SPK Mitsubishi Destinator Tembus 13 Ribu Unit, Inden Capai 2 Bulan

SPK Mitsubishi Destinator Tembus 13 Ribu Unit, Inden Capai 2 Bulan

Mitsubishi Destinator Diburu Konsumen, Total SPK Dekati 13 Ribu Unit

Tingginya minat masyarakat terhadap Mitsubishi Destinator memunculkan antrean inden yang cukup panjang. Sejak resmi diluncurkan, mobil keluarga terbaru ini telah mencatatkan Surat Pemesanan Kendaraan (SPK) hampir 13.000 unit.

Director of Sales & Marketing Division PT Mitsubishi Motors Krama Yudha Sales Indonesia, Yoshio Igarashi, mengungkapkan bahwa penjualan ritel juga terus bergerak naik.
“SPK sudah hampir mencapai 13.000 unit.
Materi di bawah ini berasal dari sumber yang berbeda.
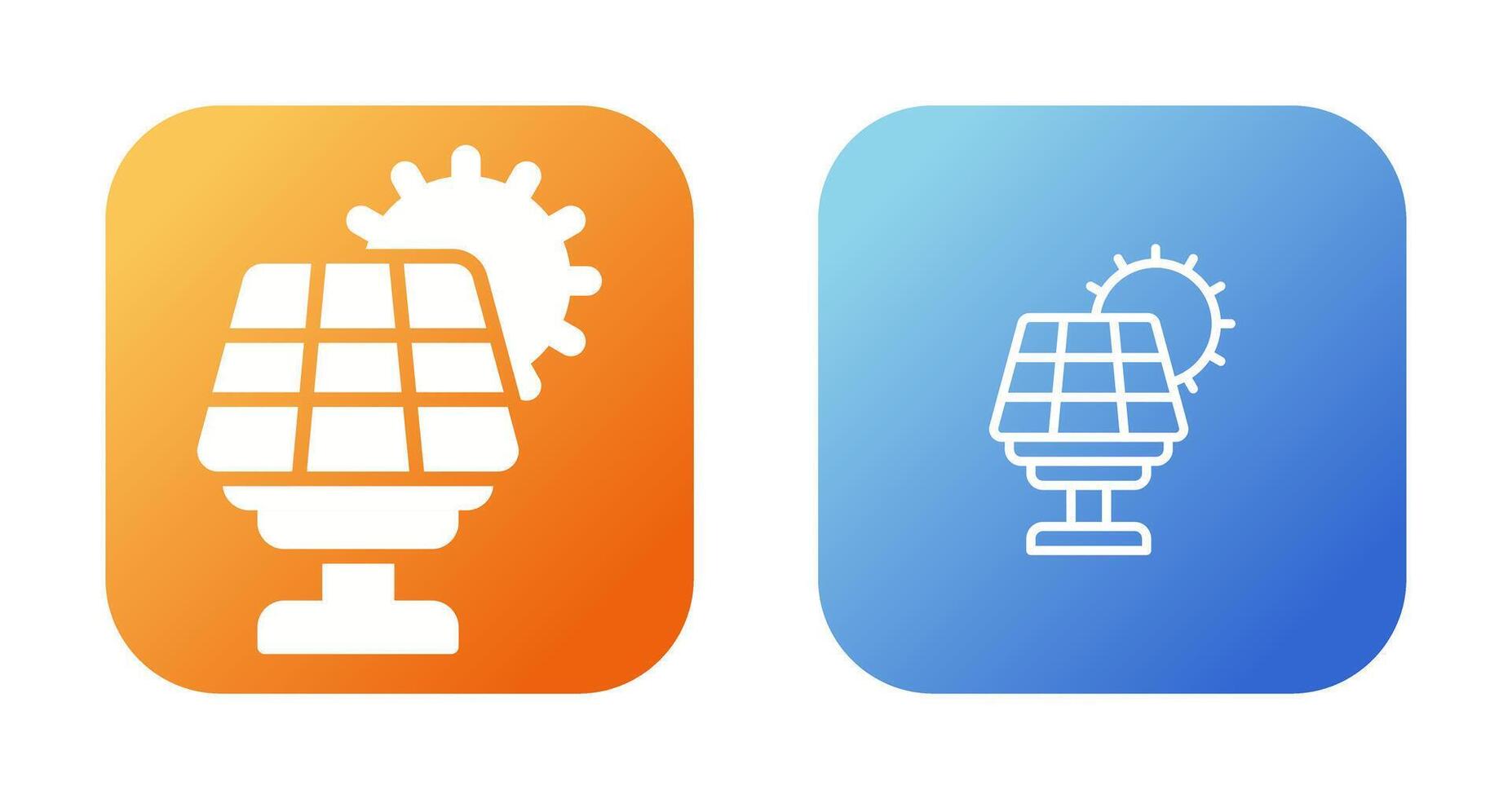 Solar Panel Vector Icon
Lalu retail sales sampai kemarin sekitar 6.300 unit,” katanya di GJAW 2025, ICE BSD, Tangerang, Senin (24/11).


Produksi Belum Seimbang dengan Permintaan

Sementara itu, keterbatasan unit rakitan lokal menjadi faktor utama panjangnya daftar tunggu. Produksi dalam negeri belum mampu mengejar tingginya angka pemesanan.

Akibatnya, konsumen harus menunggu sekitar satu hingga dua bulan untuk menerima unit. Selain itu, antrean tersebut diperkirakan masih akan terjadi hingga akhir tahun.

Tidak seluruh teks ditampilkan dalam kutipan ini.